───── SOURCE MATERIAL

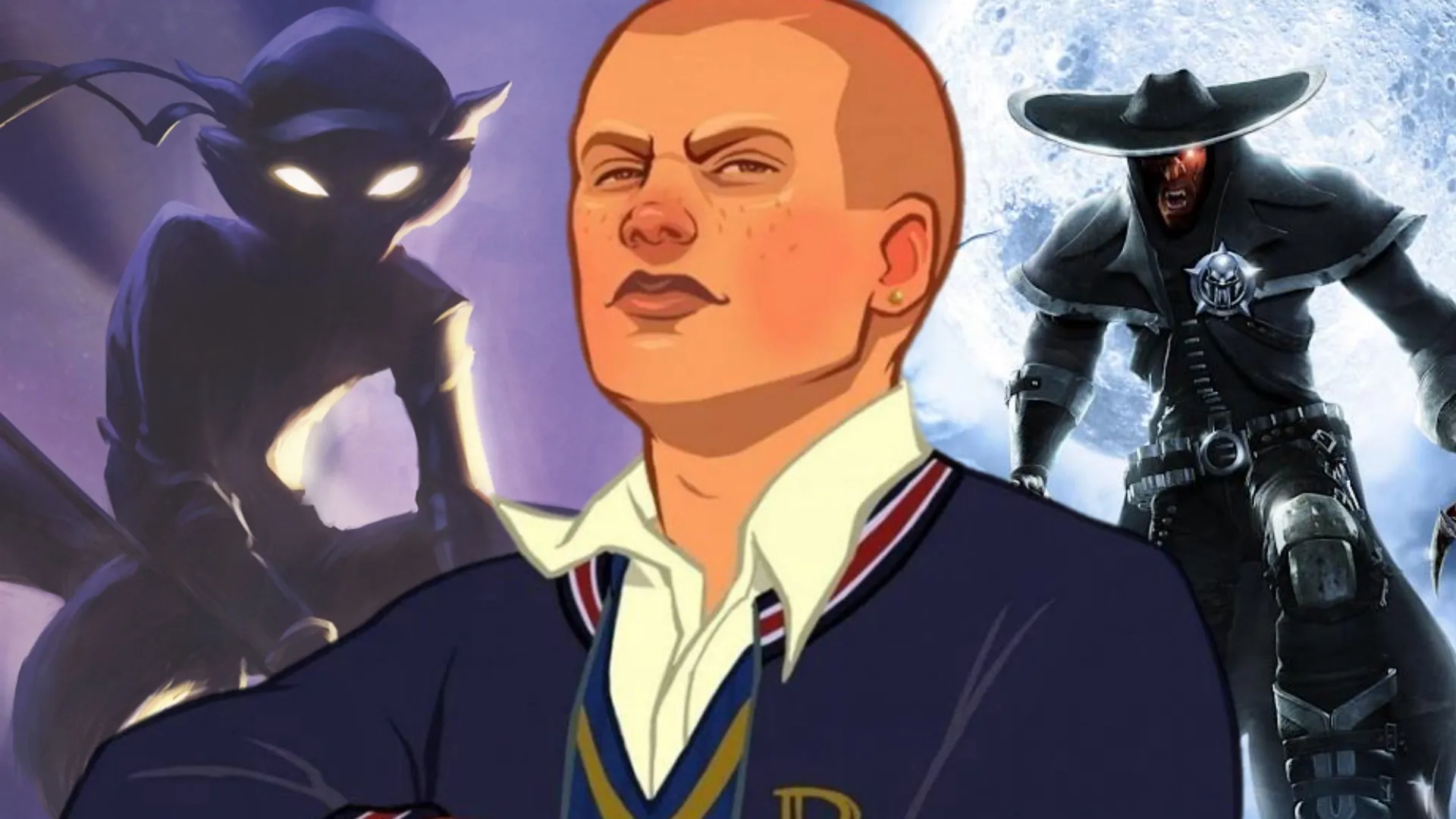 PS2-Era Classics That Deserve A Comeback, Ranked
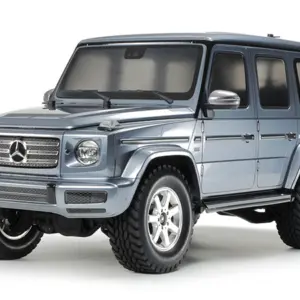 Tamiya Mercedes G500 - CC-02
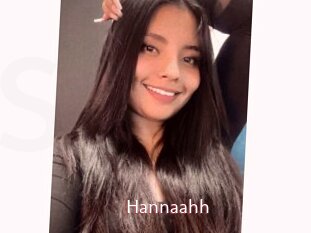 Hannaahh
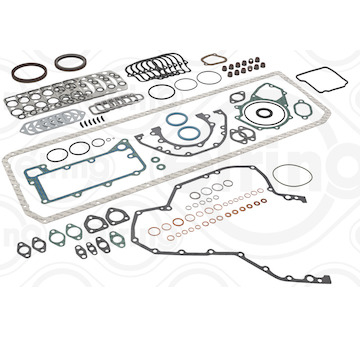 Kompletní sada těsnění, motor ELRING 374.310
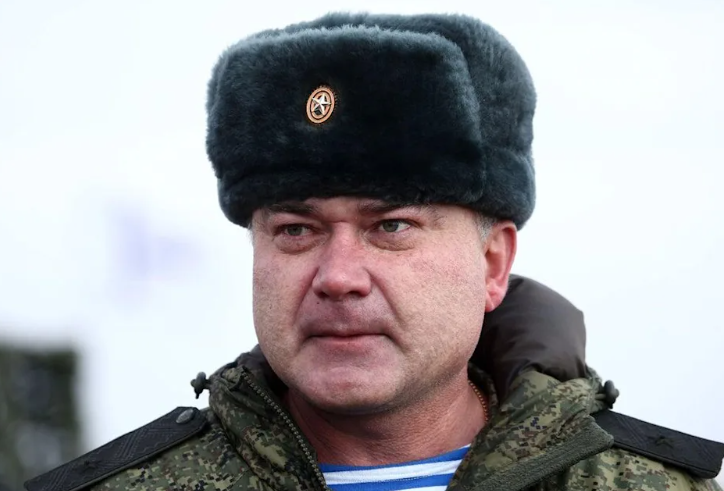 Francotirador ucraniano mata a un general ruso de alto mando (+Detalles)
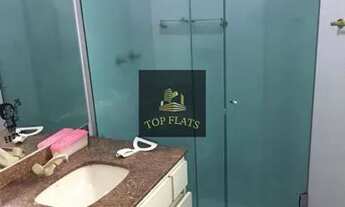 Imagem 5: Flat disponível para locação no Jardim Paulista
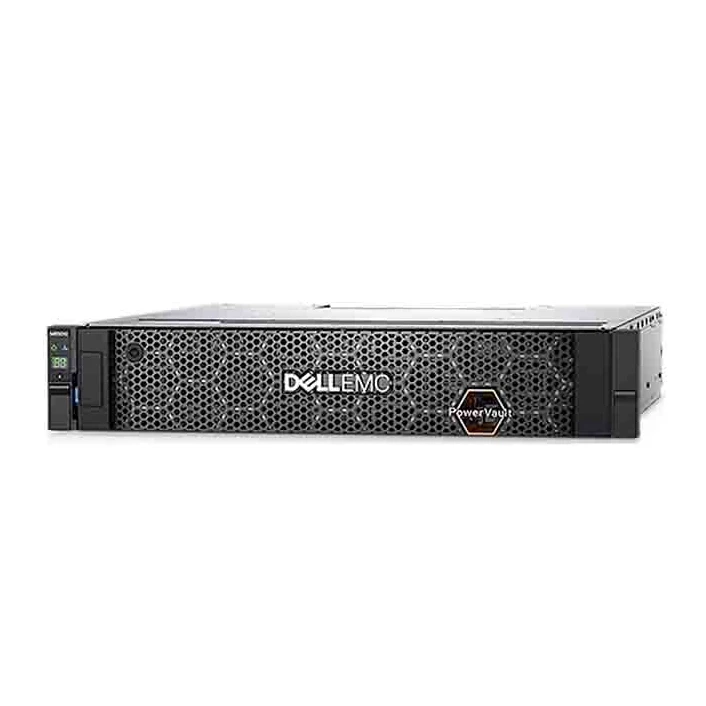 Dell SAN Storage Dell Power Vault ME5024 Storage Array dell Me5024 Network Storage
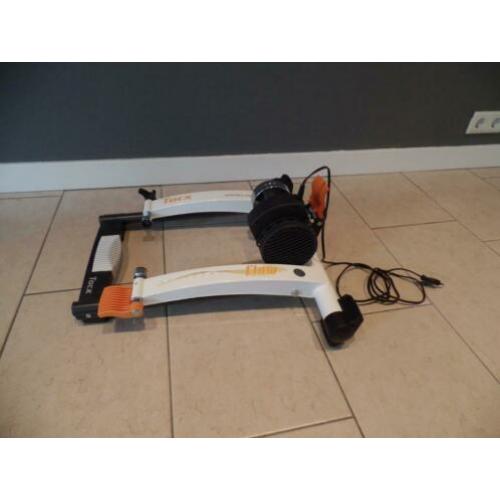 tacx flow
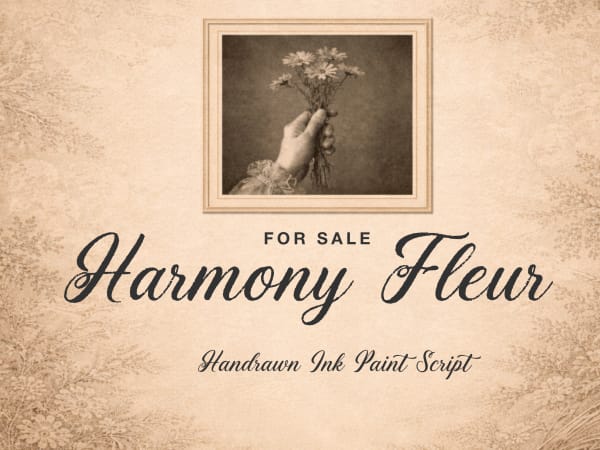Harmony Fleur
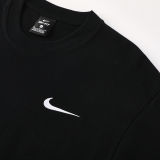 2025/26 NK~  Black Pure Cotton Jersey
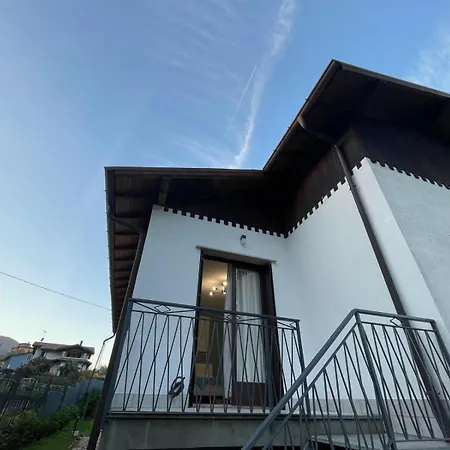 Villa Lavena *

──────────
───── SOURCE MATERIAL

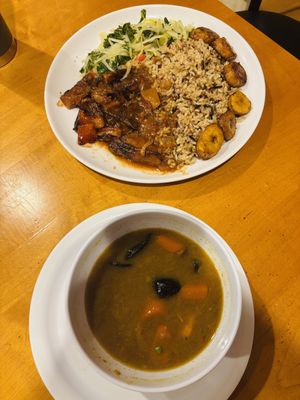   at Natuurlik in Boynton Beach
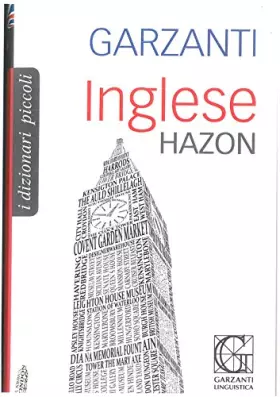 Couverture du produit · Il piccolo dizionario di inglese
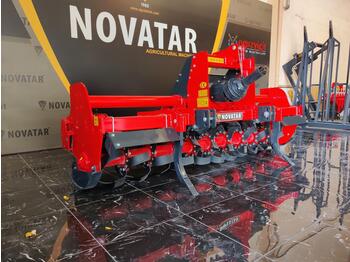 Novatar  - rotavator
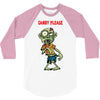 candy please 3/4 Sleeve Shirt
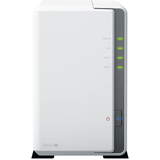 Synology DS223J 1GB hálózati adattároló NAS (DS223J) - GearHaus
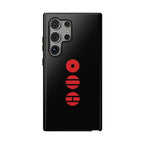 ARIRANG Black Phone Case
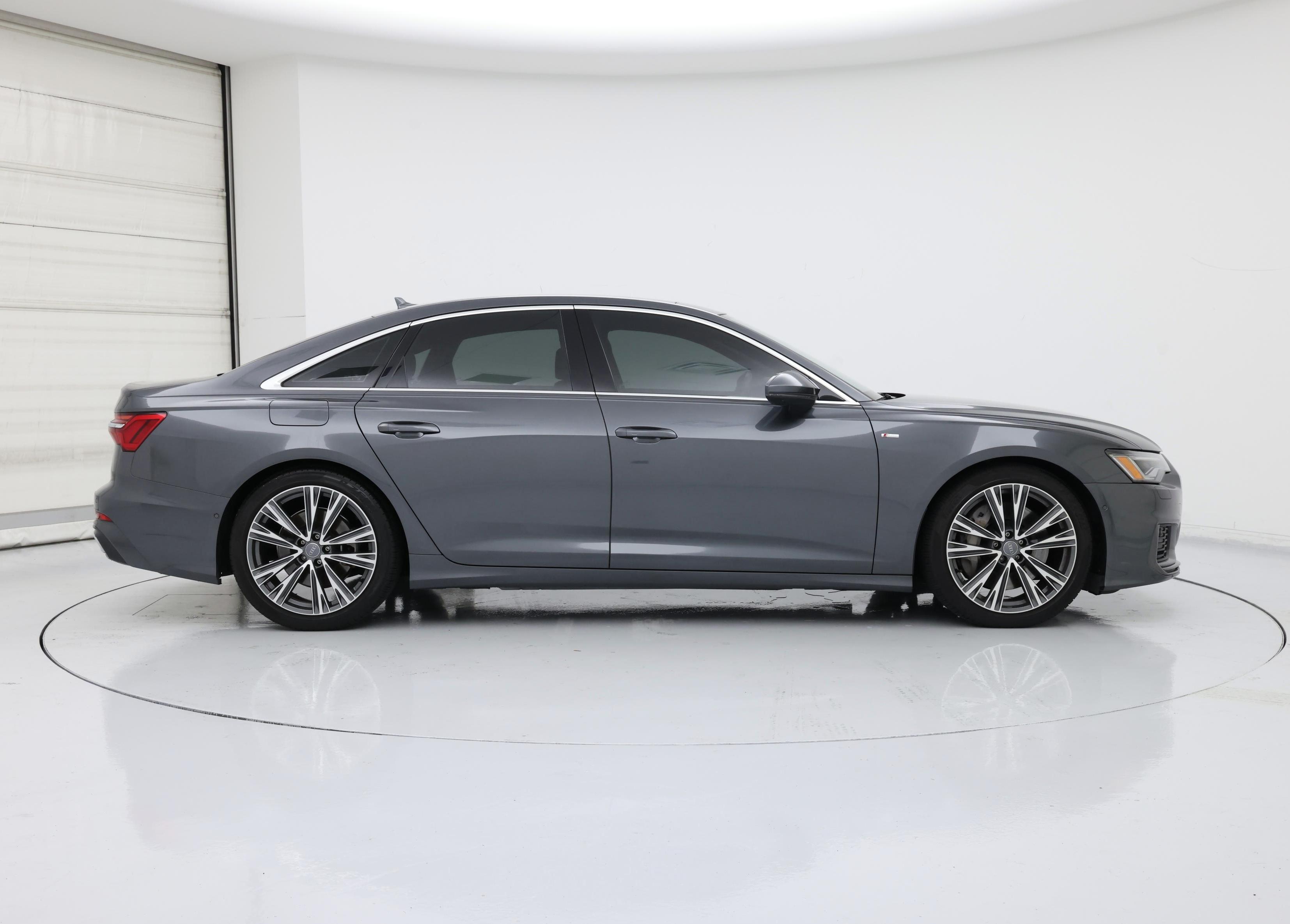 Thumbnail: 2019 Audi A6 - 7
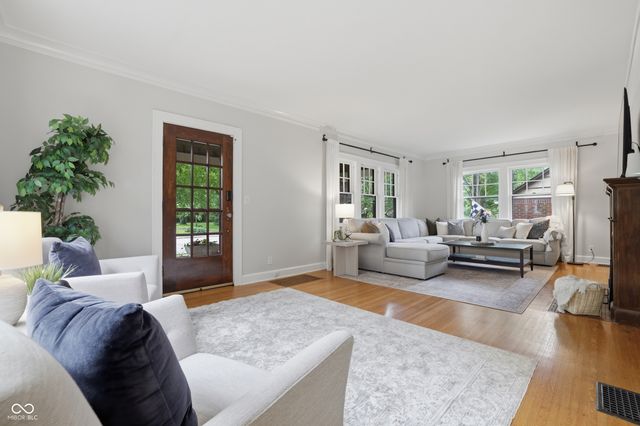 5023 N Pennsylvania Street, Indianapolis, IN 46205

──────────
───── SOURCE MATERIAL

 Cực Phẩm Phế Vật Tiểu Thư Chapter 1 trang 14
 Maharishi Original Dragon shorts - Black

──────────

● DIRECTIONS FOR THIS TASK:
Pictures excluded, transcribe the listing above exactly from the line with "Thumbnail: 2019 Audi A6 - 7" through the line with "5023 N Pennsylvania", and no further.

● PROBLEM SOLUTION:
 Thumbnail: 2019 Audi A6 - 7
 5023 N Pennsylvania Street, Indianapolis, IN 46205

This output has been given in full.